As much as the writing was firmly in the range of forgettably bland to downright infuriating, I must also give credit where credit is due in terms of the talent that The Rise of Skywalker brings to bear in it’s visuals, design and cinematography. From the get-go the film stuns with its elaborate sets and CGI-constructed environments, and while some areas like Pasaana and Exegol could feel a little bit monochromatic, generally it felt like there was a good range of diverse and interesting locales throughout the story, making it perhaps the most visually impressive Star Wars film to date. Plenty of interesting aliens make their debut in the film too, from the strange slug-like Klaud to the adorably funny Babu Frik, it’s clear that at least in some areas there was passion behind the production, with exceptional work in the costuming, makeup and puppetry. New designs such as the striking red armour of the Sith Troopers and Sovereign Protectors also help to set aside the mass of white plastic that has become custom for many of this trilogy’s battles, and in general the aesthetic of the Sith Eternal faction felt refreshing for the antagonist’s side of things. As much as some people may dislike it, I have always been quite enamoured with the fight choreography of the Sequel films, with a distinct weight and brutality to them as compared to the calm, measured duels of the Originals and the acrobatic combat extravaganzas of the Prequels, and it continues as such here, making at least the lightsaber duels somewhat enjoyable to watch. As always, John Williams’ score only serves to bolster what little this movie has to offer, and even if it might not be as inspired as the sound of the Original or Prequel trilogies, it was a tad bit nice to hear reprisals of older themes incorporated into this film too.

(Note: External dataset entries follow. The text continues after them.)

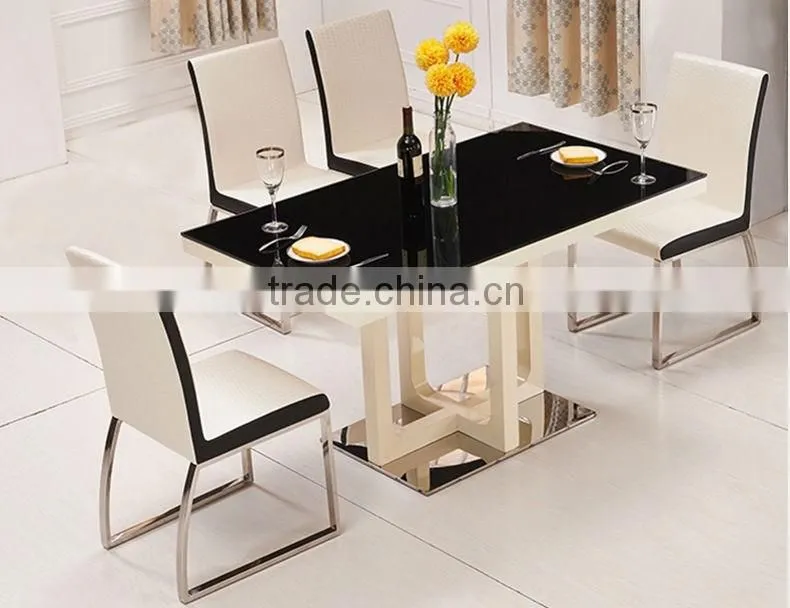 glass dining table and marble dining table set HD115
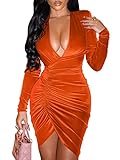 YMDUCH Vestido corto sexy de manga larga con cuello en V para mujer, fruncido, entallado, para cóctel, club, Naranja, XL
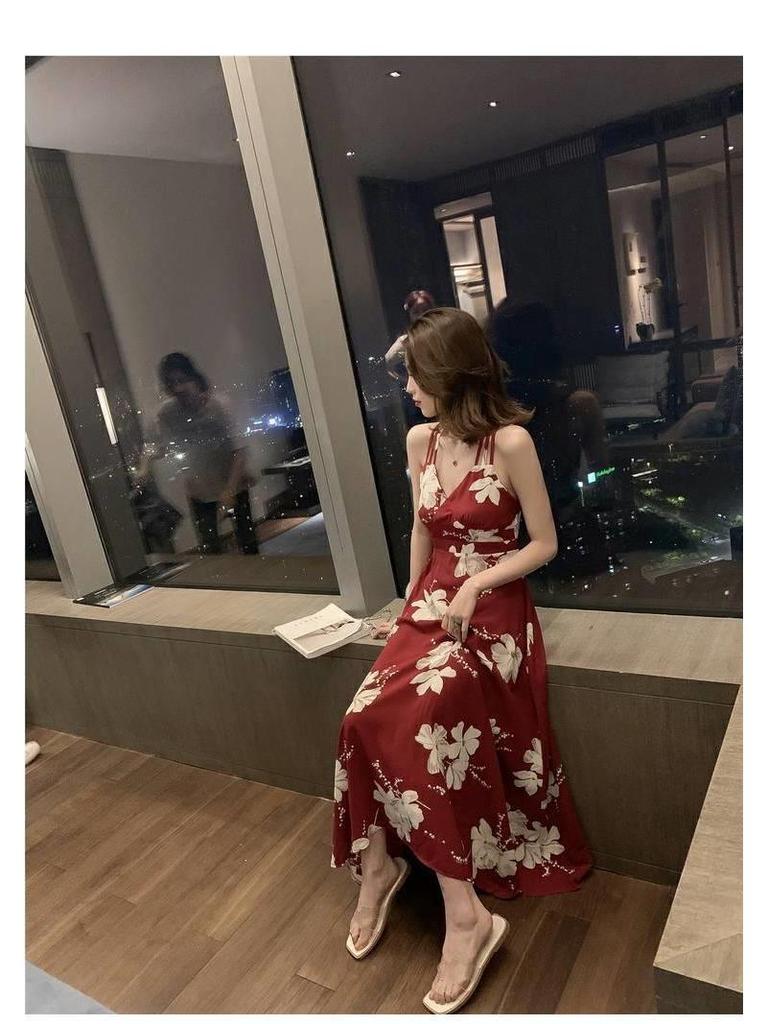 2020 Summer Korean Midi Backless Spaghetti Strap Beach Dress
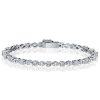 Marquise and Round Cut CZ Tennis Bracelet in 925 Sterling Silver, Available in Multiple Lengths
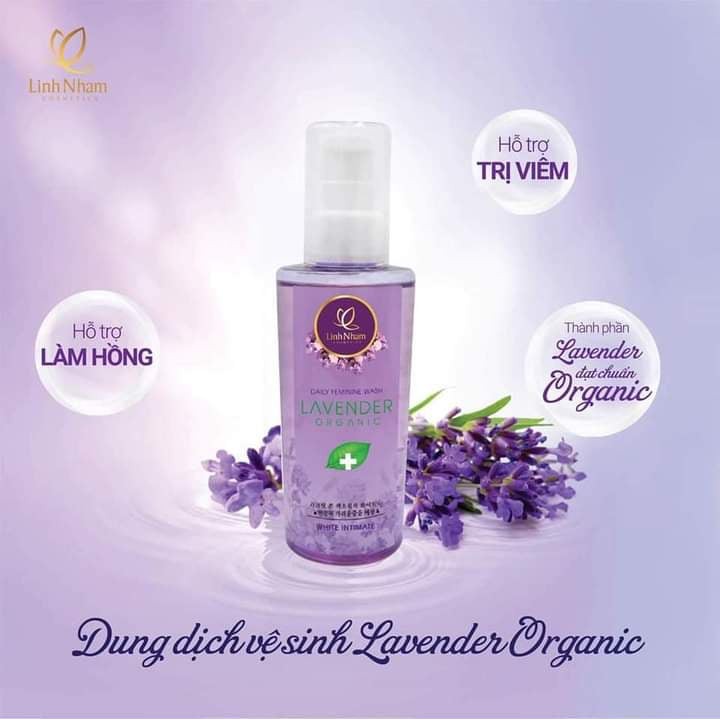 Dung Dịch Vệ Sinh Phụ Nữ Lavender Organic Linh Nhâm, Chiết Xuất Từ Thiên Nhiên, Sát Khuẩn, Khử Mùi Hôi, Làm Hồng Vùng Kín, 120ml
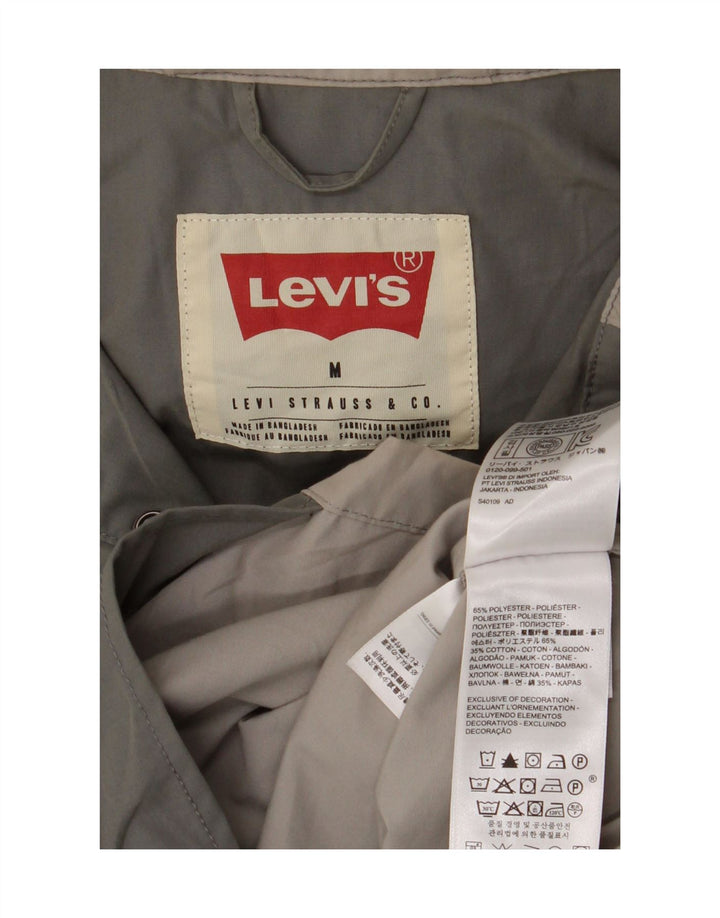 Мужская дождевик с капюшоном Levi's UK 38, средний зеленый полиэстер с цветными блоками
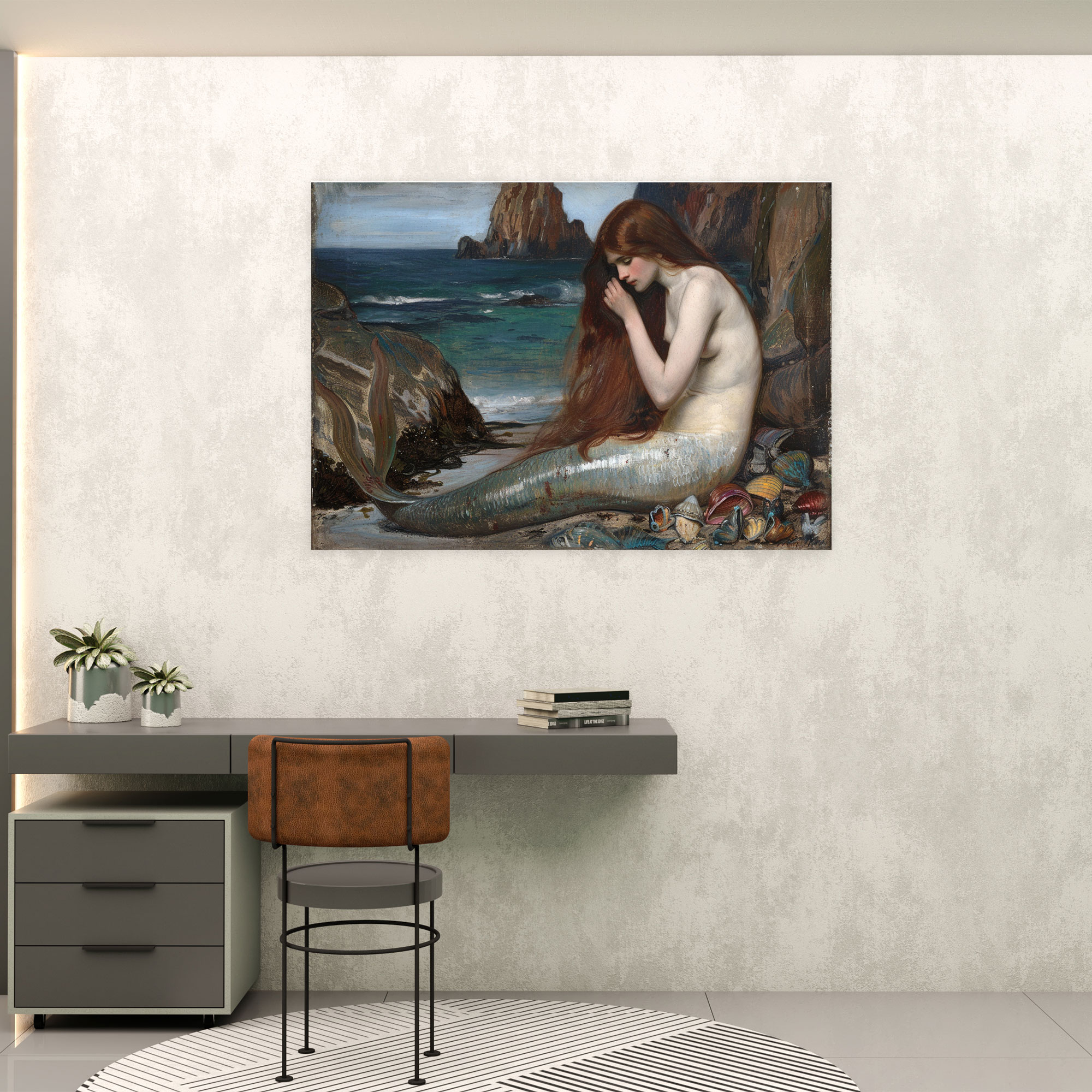 Mythical Mermaid Pre-Raphaelite Brotherhood Canvas Print - Pre-Raphaelite Brotherhood, Canvas Print, Canvas Wall Art, Wall Decoration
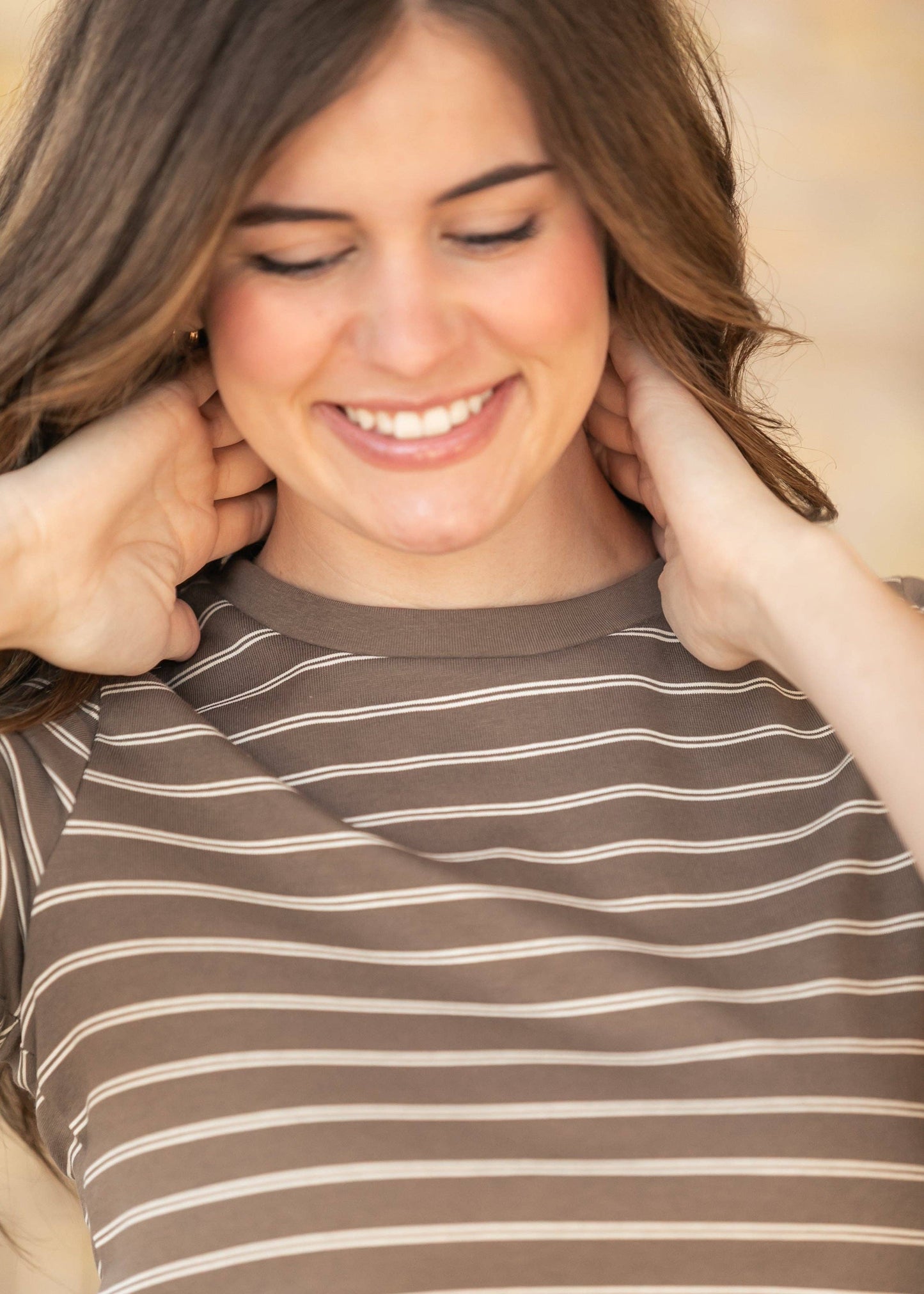 Chloe Essential Brown Striped Tee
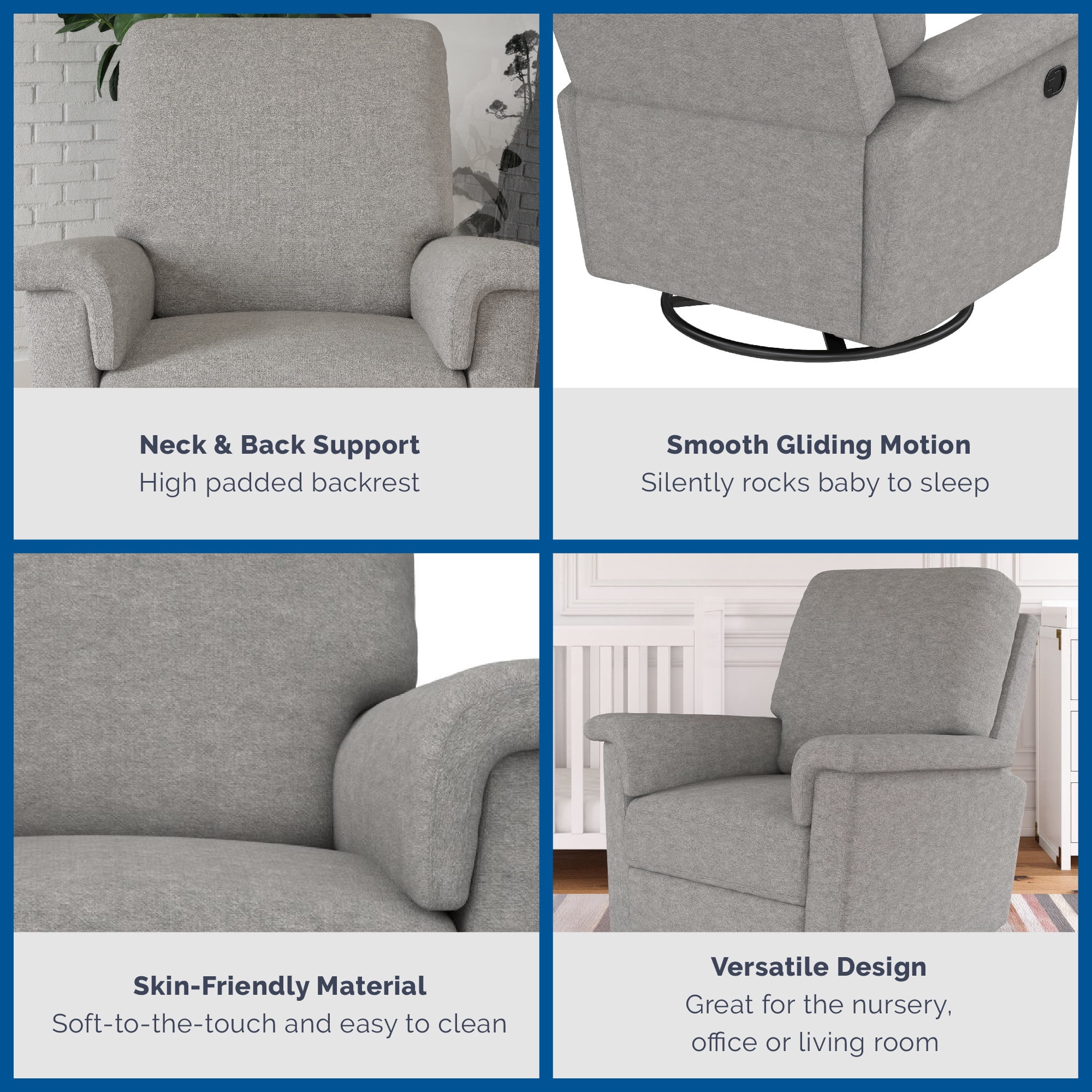 Baby Relax Terrin 3-in-1 Gliding Swivel Nursery Recliner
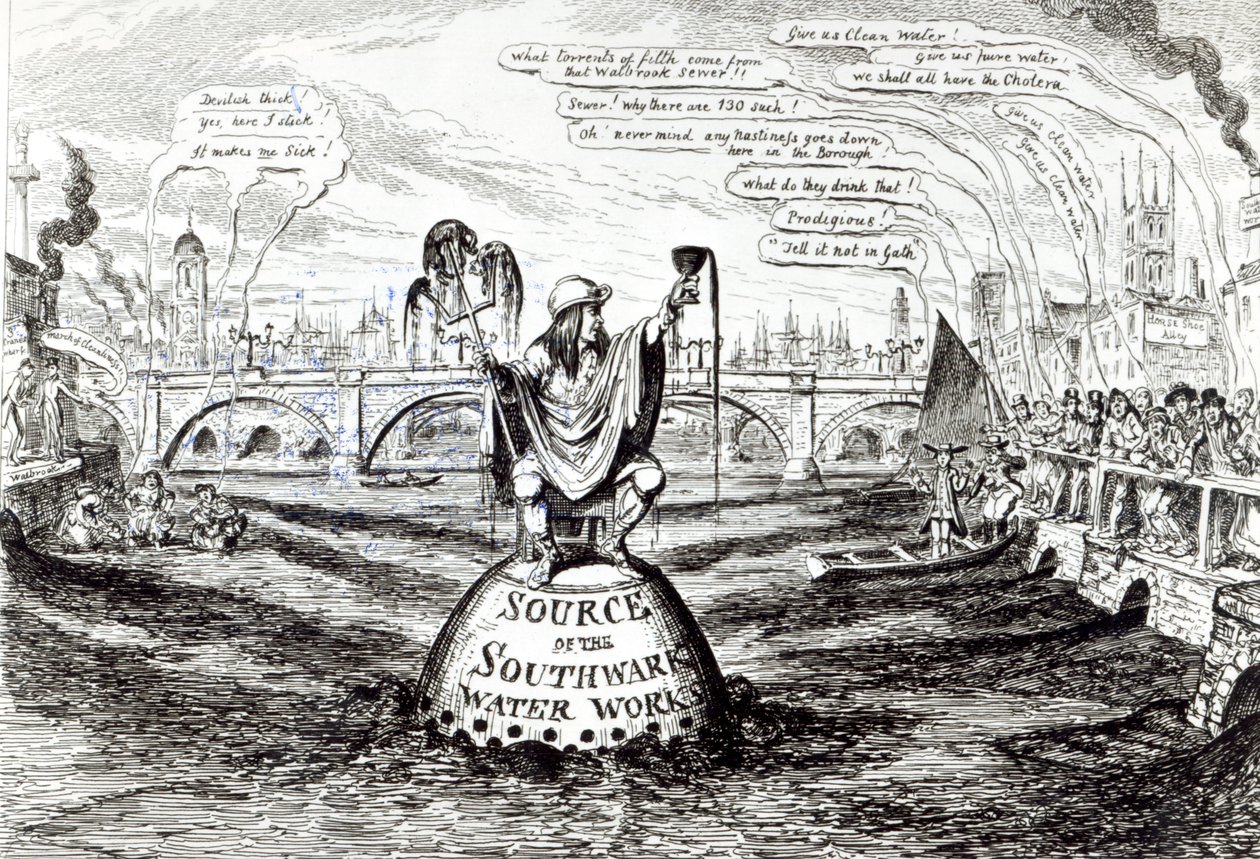 Komiks satyryczny o Southwark Water Company, 1832 autorstwa George Cruikshank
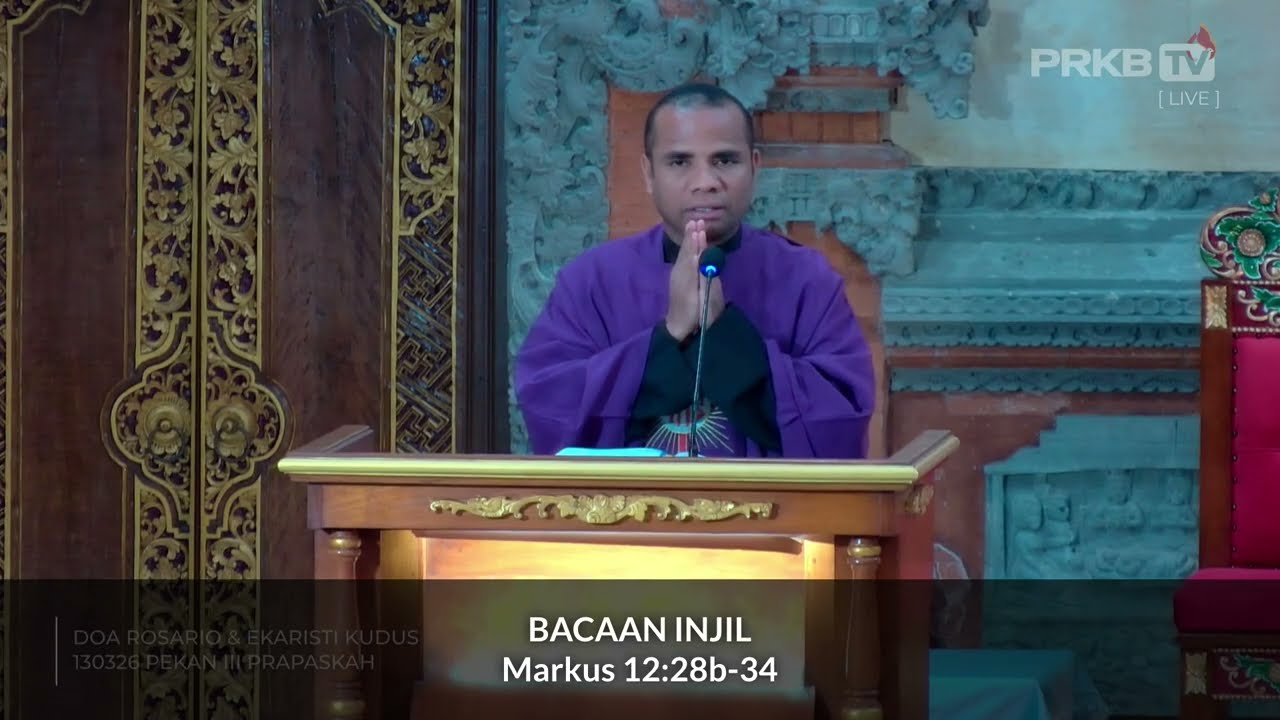 Bacaan Injil dan renungan hari ini 13 Maret 2026 - Markus 12:28b-34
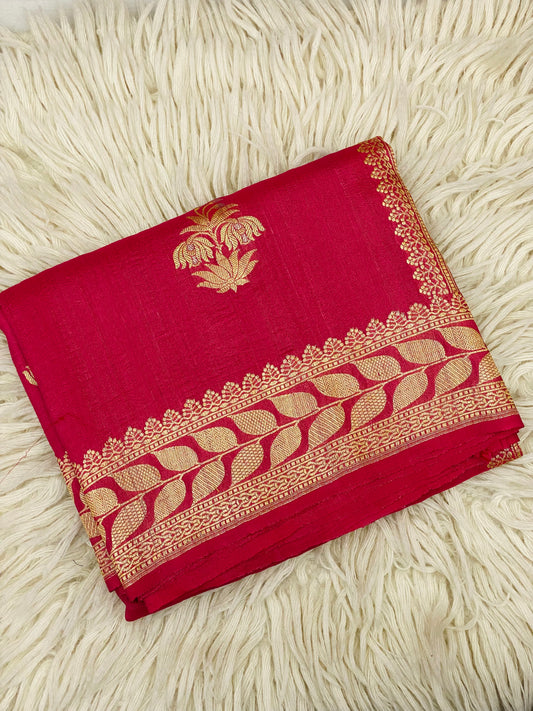 Pure Tussar Handloom Kaduwa Weave Saree Crimson Pink with Meenakari Buta (  Noor-e-Tussar )
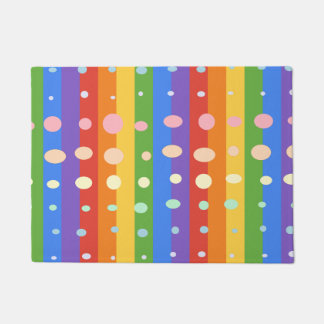 RAINBOW DOT STRIPES FUßMATTE
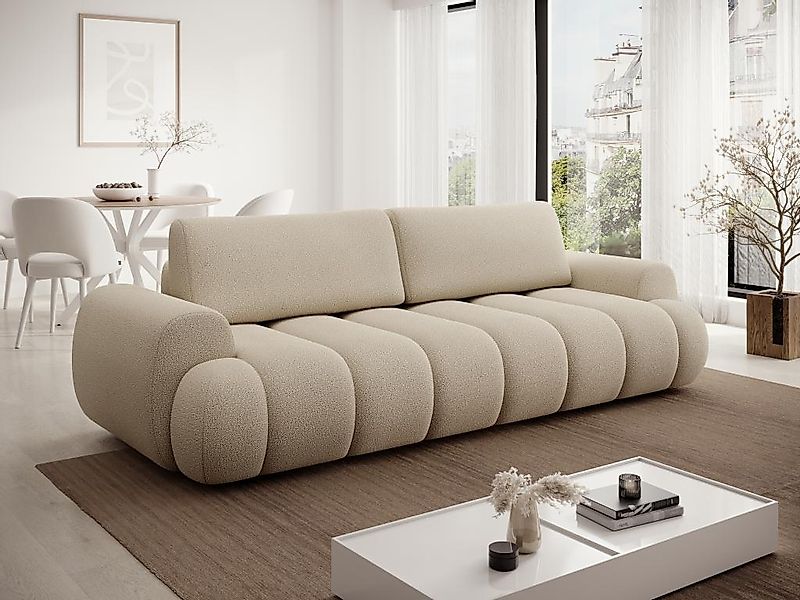 Sofa 4-Sitzer mit Schlaffunktion - Stoff - Beige - FRIDORA günstig online kaufen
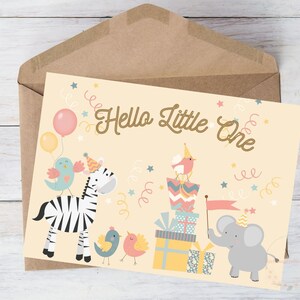 Nouvelle carte pour bébé, Bonjour tout-petit, imprimable pour enfant, neutre, fille, garçon, baby shower, anniversaire, bébé, mignon, téléchargement, avec enveloppe, 17 x 20 cm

So, after the whole two-and-a-half hour ordeal, the Sequel Trilogy and the Skywalker Saga were finally over. In the place of the epic, high stakes, galaxy changing conclusion this franchise needed, we got a film that ignores almost everything that came before it, doesn’t fit in with its own trilogy, walks back on all of it’s dramatic decisions, and is rammed full of stupid creative choices. Any redeeming qualities it does have, you can count on one hand, and they’re certainly not enough to salvage this trainwreck of a script. It’s a mystery to me how this was even allowed to be made, to the point where I have to wonder if this could even have been born out of malice, or some masochistic desire on the part of the studio to see just how bad of a movie they could make, and watch as Star Wars fans were helplessly suckered up by it anyway. Nevertheless, after eleven film instalments, and God knows how much expanded universe content, The Rise of Skywalker drags the Star Wars saga over the finish line; limp, lifeless, and finally bled dry of all the goodwill and magic of George Lucas’ galaxy far, far away.